Folks, does anyone remember the old 1970's era recruiting posters?

There was one with an officer in DEU exiting a business jet while carrying a briefcase.  A second pushed the Combat Team.  I remember the slogans on that one.  A Centurion tank was on the front captioned "It takes a special kind of operator to run this business machine" Inside was a second caption "This machine means business."

If anyone has any links to photos of these or old scans they could share, I'd appreciate it.


----------



## mariomike (22 Sep 2015)

Haggis said:
			
		

> If anyone has any links to photos of these or old scans they could share, I'd appreciate it.



This may help,

Recruiting Posters, Slogans and Commercials [Merged] 
http://army.ca/forums/threads/2276.0;nowap
41 pages.


----------



## Haggis (22 Sep 2015)

Thanks, I found most of those messages/thread in other searches. No scans of what I'm after though, but plenty of mentions of those posters (mostly from old guys).


----------



## expwor (22 Sep 2015)

I remember this one from the 1970's
Here's the article
http://www.thewesternstar.com/Local/2009-11-05/article-1475530/Face-on-forces-recruiting-poster-still-raising-awareness/1

Tom


----------



## vonGarvin (22 Sep 2015)

I remember the phrase "You stand alone...but you're never alone".  I think it was the same RCR sgt from above.

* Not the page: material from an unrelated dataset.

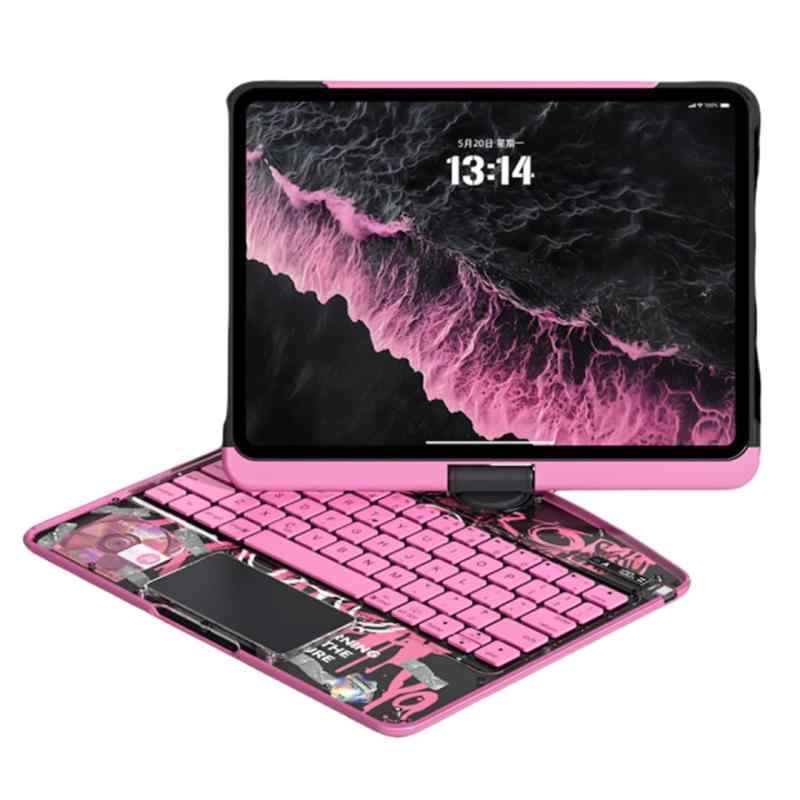360度回転 iPad 10 9 8 7 Pro 13 11 キーボードケース 透明 クリア 7色バックライト付き タッチパッド付き 折りたたみ 多角度対応 多機能 一体型 キーボード カバー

That was the recruiting slogan/campaign that got me to join so many years ago.


----------



## Haggis (22 Sep 2015)

TV, yes, I think you're correct.  It folded out to show all the parts of a Cbt Tm.


----------



## Danjanou (23 Sep 2015)

Ron Perroway (sp?) was the RCR in the poster, worked with him in Aldershot in the 1980s when he was a WO RSS with 2 RNFLDR. good guy  apparently he was teased a lot about the poster.


----------



## dapaterson (23 Sep 2015)

I somewhere have a copy of a hand-drawn parody poster for joining the Reserves - "Got no life? You'll like it" featuring a cartoon likeness of a spotty-faced teenager both in a McDonald's outfit and an Army uniform, comparing the two jobs...


----------



## Occam (23 Sep 2015)




----------



## Danjanou (23 Sep 2015)

Rumour has it some of the long time regulars on here were inspired to join up by this poster  8)


----------



## BinRat55 (23 Sep 2015)

Occam said:
			
		

>



We're in the yellow pages under "Antiques"??? Gotta be a funny...


----------



## Blackadder1916 (23 Sep 2015)

Danjanou said:
			
		

> Rumour has it some of the long time regulars on here were inspired to join up by this poster  8)

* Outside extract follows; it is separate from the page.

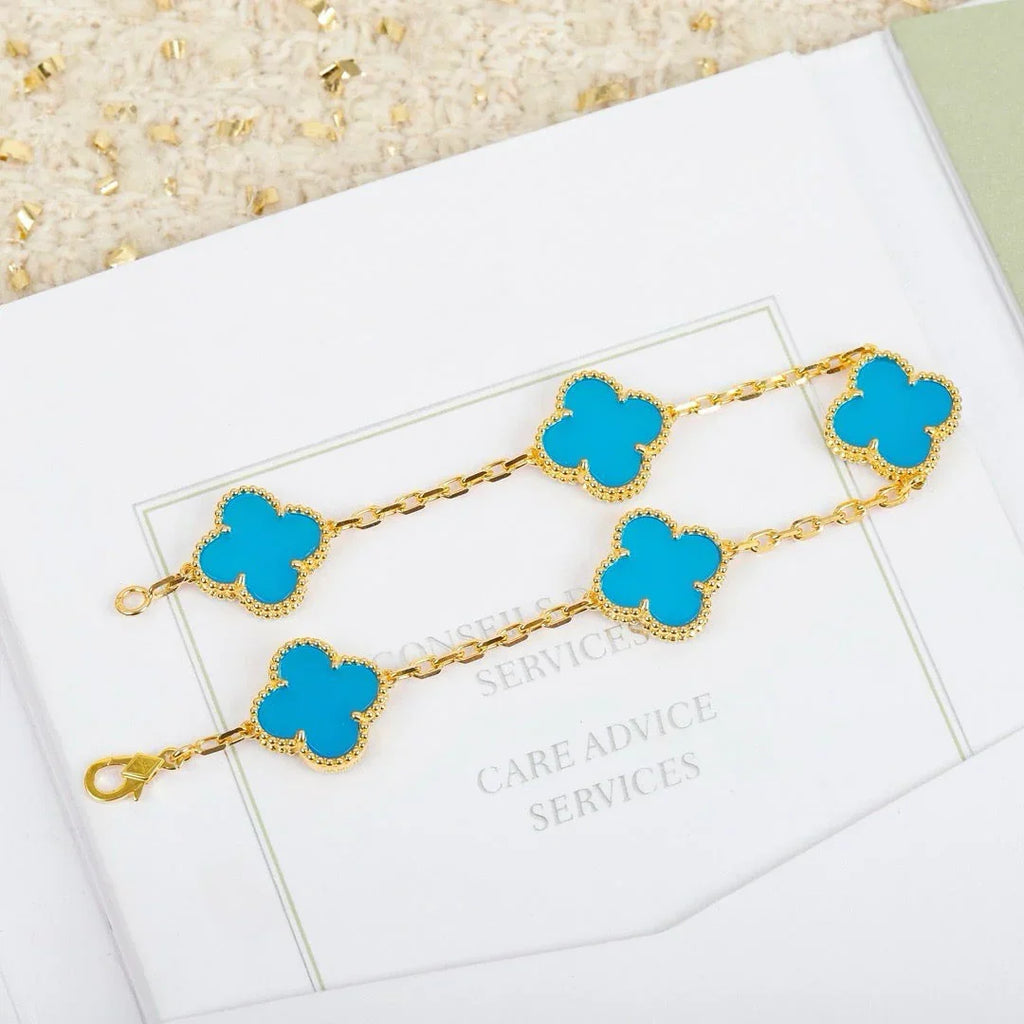 [Star]New  CLOVER 5 MOTIF TURQUOISE BRACELET COLLECTION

They left out Newfoundland.


----------



## Haggis (23 Sep 2015)

dapaterson said:
			
		

> I somewhere have a copy of a hand-drawn parody poster for joining the Reserves - "Got no life? You'll like it" featuring a cartoon likeness of a spotty-faced teenager both in a McDonald's outfit and an Army uniform, comparing the two jobs...



I remember seeing another hand-drawn one - posted very briefly - in L101 in Petawawa, with a sad-sack looking soldier on a duffle bag: "Quit school?  No job? Reg Force kick you out? Join the Militia!"


----------



## cupper (24 Sep 2015)

I have this one hanging in my entryway. Was given to me by a friend after graduation from TUNS. It's a replica of a WW1 recruiting poster.

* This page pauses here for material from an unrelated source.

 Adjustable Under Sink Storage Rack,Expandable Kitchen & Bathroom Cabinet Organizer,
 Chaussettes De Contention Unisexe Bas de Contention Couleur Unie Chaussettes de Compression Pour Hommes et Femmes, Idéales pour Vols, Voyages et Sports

The caption of the lower picture always makes me smile:

"Destroying & re-building Bridges is only one of the interesting branches of military engineering"

I didn't realize though that Engineers laid telegraph cable as indicated by the upper picture and caption.


----------



## BinRat55 (25 Sep 2015)

cupper said:
			
		

> I have this one hanging in my entryway. Was given to me by a friend after graduation from TUNS. It's a replica of a WW1 recruiting poster.
> 
> The caption of the lower picture always makes me smile:
> 
> ...



"Telephone" companies were formed and attached to the Canadian Engineers and Infantry units in the early 1900s. Much like there's a supply guy found in every bunch, even back then 1st line units were pretty self sufficient. Using horses, bicycles and motorcycles, they did it all. 1st line combat arms units found themselves very isolated and really had no choice but to rely on themselves.


----------